Tatlım, merhaba.
Öncelikle halini hatrını sormak istiyorum. Verebileceğin sınırsız cevaplardan birini duyabilsem fena olmazdı fakat küresel teknolojimiz henüz o kadar gelişmedi.
Senin insanlıktan umdukların çoktu, biliyorum. Ama işte, bilirsin olmayınca olmuyor. Bu cümleyi duyduğun gibi kıkırdadığını biliyorum. Şu an sana göz kırpıyorum.

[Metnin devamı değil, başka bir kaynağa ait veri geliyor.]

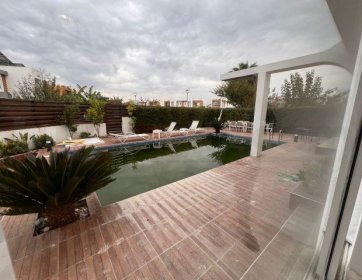 GAZİMAĞUSA TUZLA | SAKLIKENT SİTESİNDE KİRALIK 3+1 DUBLEKS VİLLA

Merak ediyorum. Umdukların yok olmuş olabilir mi? Yoksa bıraktığım gibi misin? Her açıdan bahsediyorum. O kadar çok merak ediyorum ki. Bazen sırf bu duruma sinirimden ağlıyorum. Anlayacağın üzere ben biraz değiştim. Ağlamaktan falan pek korkmuyorum artık. Yolun ortasında, metrobüste ve otel lobisinde her yerde ağlama lüksünü tanımlıyorum kendime. Aslında bir bakıma bu lüksü sen veriyorsun bana çünkü senin için ağlıyorum. Senin, bizim ve bir zamanlarki kendim için. Şimdiki kendime pek üzülemiyorum. Tasrif etmediğim biri kendisi. Senin de tasrif etmeyeceğin birisi.

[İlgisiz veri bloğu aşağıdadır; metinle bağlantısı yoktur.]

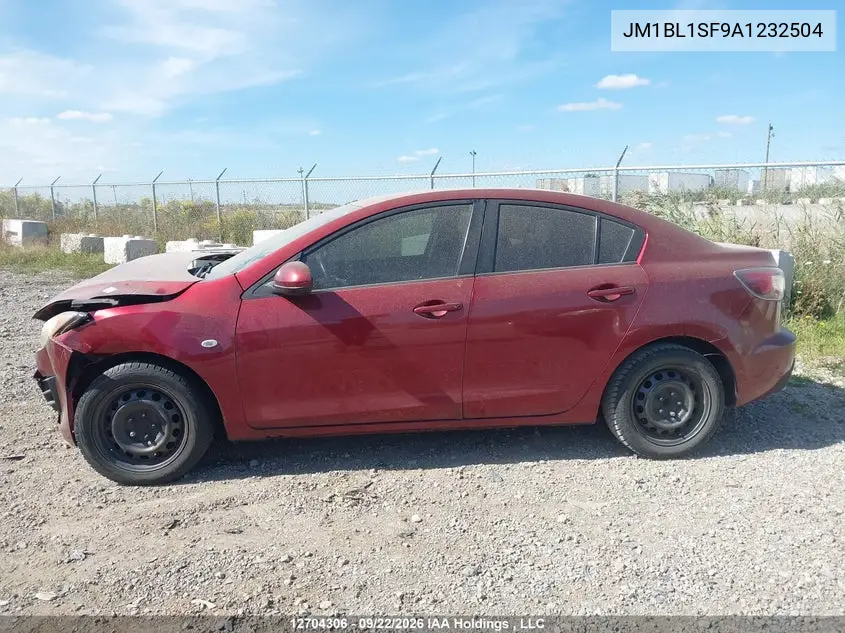 2010 MAZDA 3 VIN JM1BL1SF9A1232504 — фото 14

Benim tanıdığım senin, tasrif etemeyeceği birisi.
Orda işler nasıl ilerliyor bilmediğimden kesin konuşamıyorum. Yaş aldın mı yoksa bıraktığım gibi misin? Büyüdüğünü izlemeyi hayal etmek beni öyle bir heyecanlandırıyor ki. Ellerim titriyor Beom.
İlk zamanlar...
Yani alışamadığım. Yani bilmiyorum her şeyi bulanık gördüğüm o bir buçuk yıl sürekli çizdim. Seni çizdim Beom. İyi ki diyorum fotoğraf çekilmeyi bu kadar seviyormuşsun. İyi ki o düğmeye sürekli basıyormuşsun. Artık pek fazla izleyemiyorum videoları çünkü... çünkü artık videolardaki sene tutkuyla yaklaşmak korkunçlaşmaya başladı.
Ordaki tatlı, şen, masum, haylaz, güzeller güzeli çocukla aramda sekiz yaş var artık.
Demek istediğimi anladığına eminim.
Başlarda bizi izleyip duruyordum ve seni özlüyordum ama şimdi sadece eski günleri yad etmeye yetiyor o videolar. Kaliteleri her geçen gün düşüyor, sanki o bir buçuk yıla geri döndürüyor beni. Bulanıklaştıkça bulanıklaşıyor. Kafamı karıştırıyor.
Eskiden fotoğraflarını taklit ediyordum çizimlerimde. Şimdiyse... Şimdiyse hayalini kuruyorum bebeğim. Büyüdüğünü düşlüyorum. Benimle birlikte. Hiç şüphe duymadan yaşayıp gittiğimiz o günlerde... Sanki sonsuza kadar birlikte olacağımızı düşünerek, tereddütsüz yaşadığımız o günlerde... Hiç üzerine düşünmediğimiz halde her zaman beraber büyüyeceğimize emin gibiydik sanki.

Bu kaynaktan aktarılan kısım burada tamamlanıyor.